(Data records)
◆ ◆ ◆ ◆

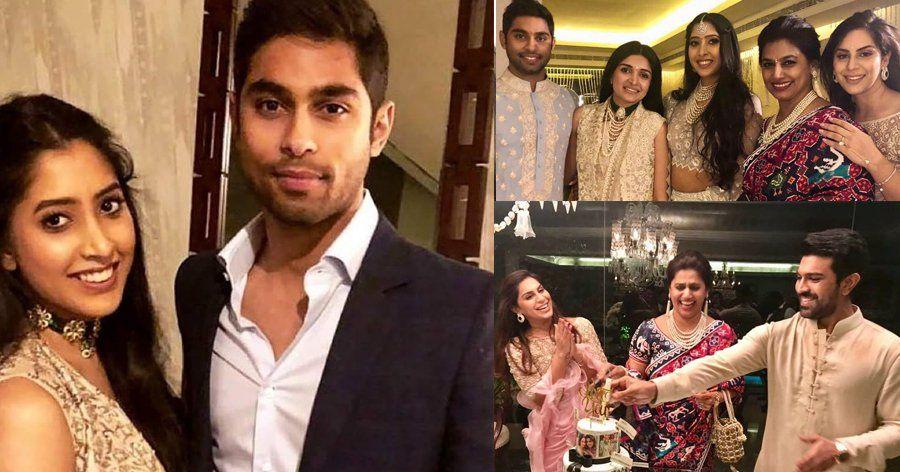 Ram Charan & Upasana at Shriya Bhupal's engagement Photos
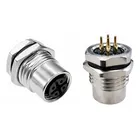 CONECTOR M12 FEMEA 4 PINOS RETO PARA PAINEL°°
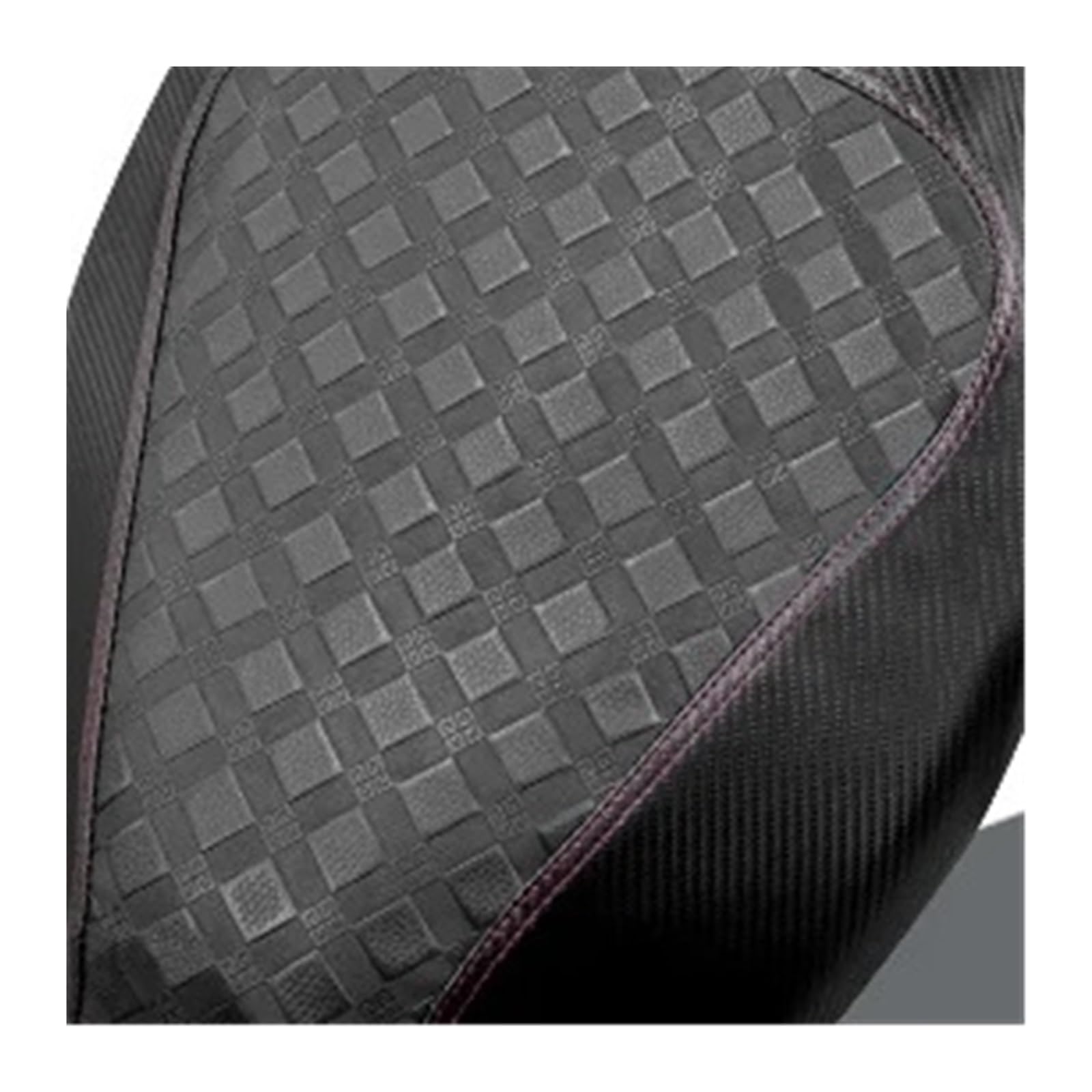 Coprisedili per moto Fodera per cuscino del sedile per moto, pelle per, impermeabile, resistente al sole, ai graffi(Heise)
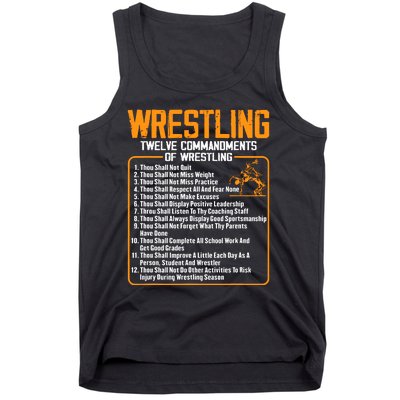 Wrestling Coach Team Humor Wrestling Sport Lover Enthusiast Tank Top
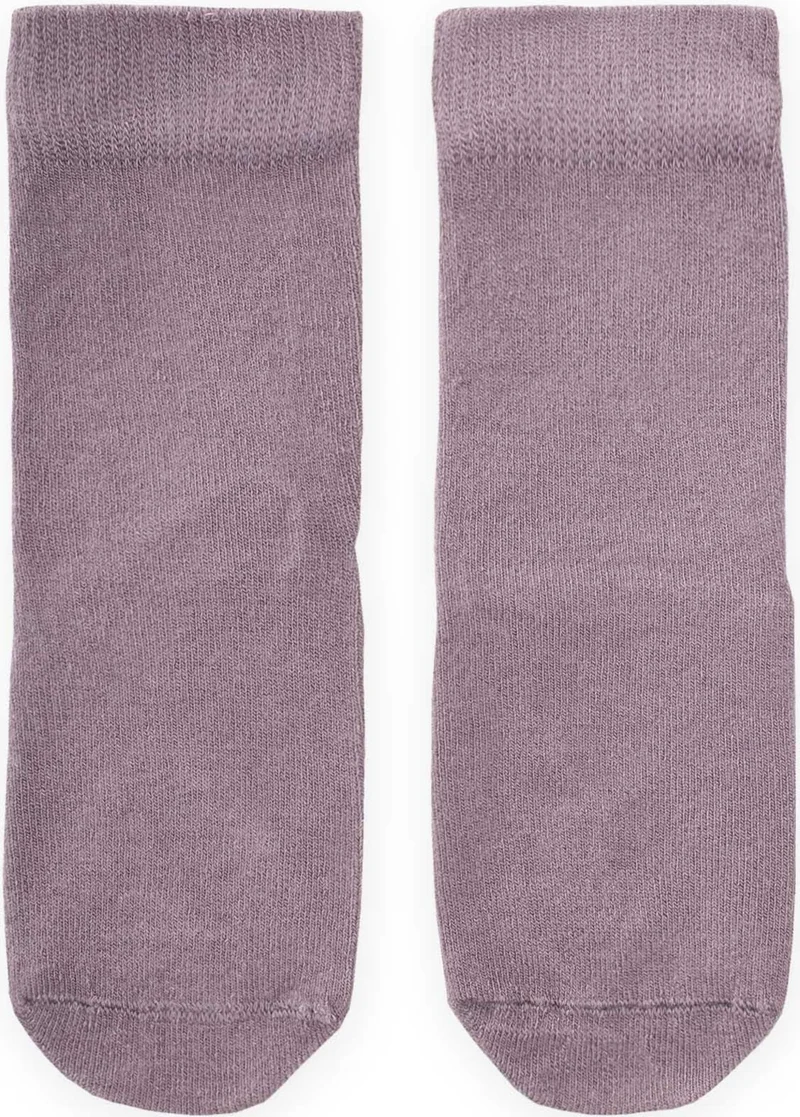 Cigit Bamboo Children's Socks with Abs Sole and Gray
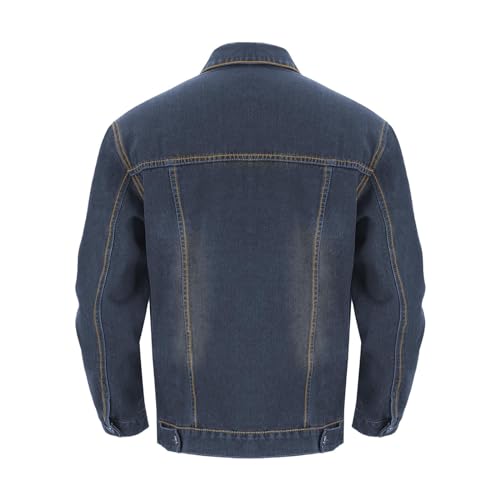 Chaqueta vaquera de hombre para exteriores y uso diario casual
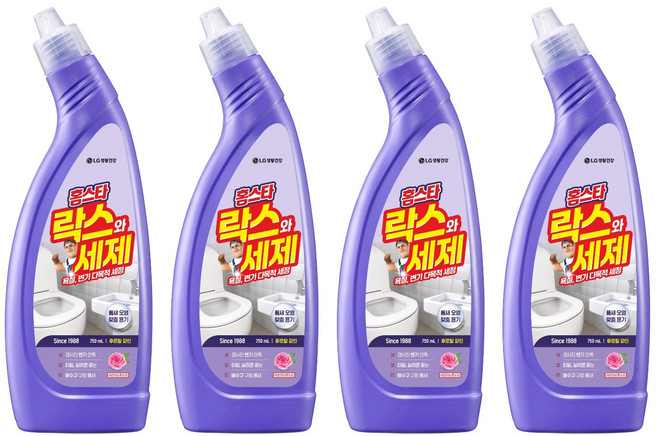 홈스타 락스와 세제 후로랄파인, 750ml, 4개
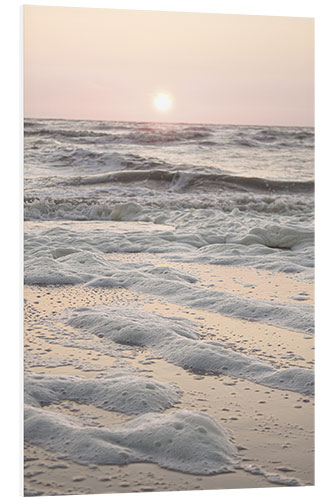 Foam board print Pastel Color Sunset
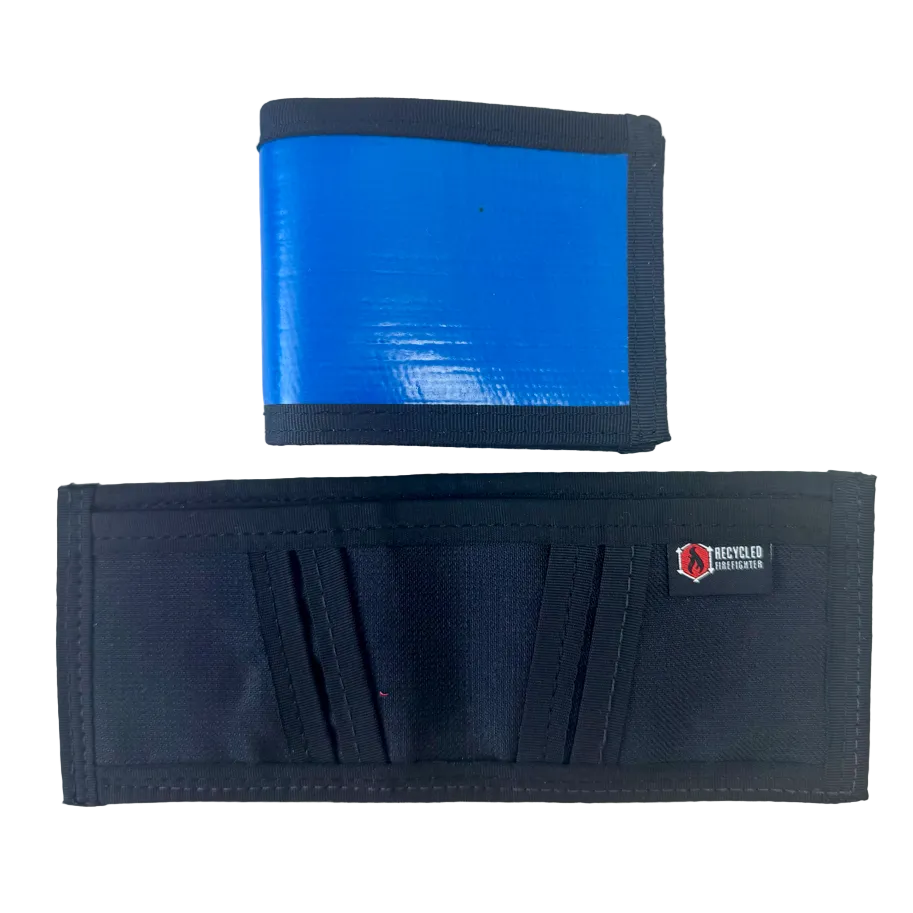 Lieutenant Wallet - Firehose Edition detail view by Recycled Firefighter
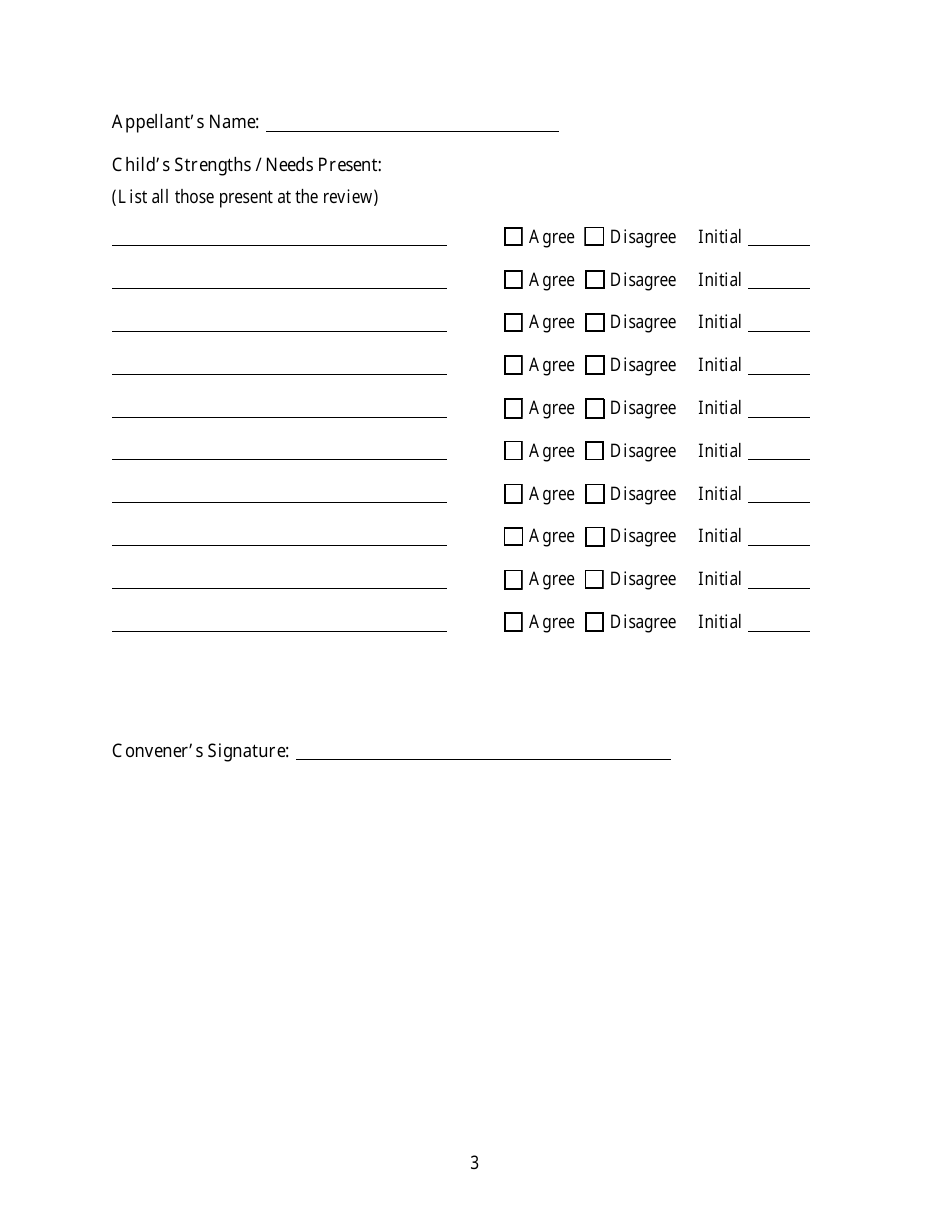 Form CFS151-C Placement Review Summary - Illinois, Page 3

◆ ◆ ◆ ◆

Every line in the data above needs to be given again exactly, pictures aside.

 Ram Charan & Upasana at Shriya Bhupal's engagement Photos
 CONECTOR M12 FEMEA 4 PINOS RETO PARA PAINEL°°
 Coprisedili per moto Fodera per cuscino del sedile per moto, pelle per, impermeabile, resistente al sole, ai graffi(Heise)
 Wrestling Coach Team Humor Wrestling Sport Lover Enthusiast Tank Top
 Cigit Bamboo Children's Socks with Abs Sole and Gray
 Chaqueta vaquera de hombre para exteriores y uso diario casual
 홈스타 락스와 세제 후로랄파인, 750ml, 4개
 Foam board print Pastel Color Sunset
 Lieutenant Wallet - Firehose Edition detail view by Recycled Firefighter
 Form CFS151-C Placement Review Summary - Illinois, Page 3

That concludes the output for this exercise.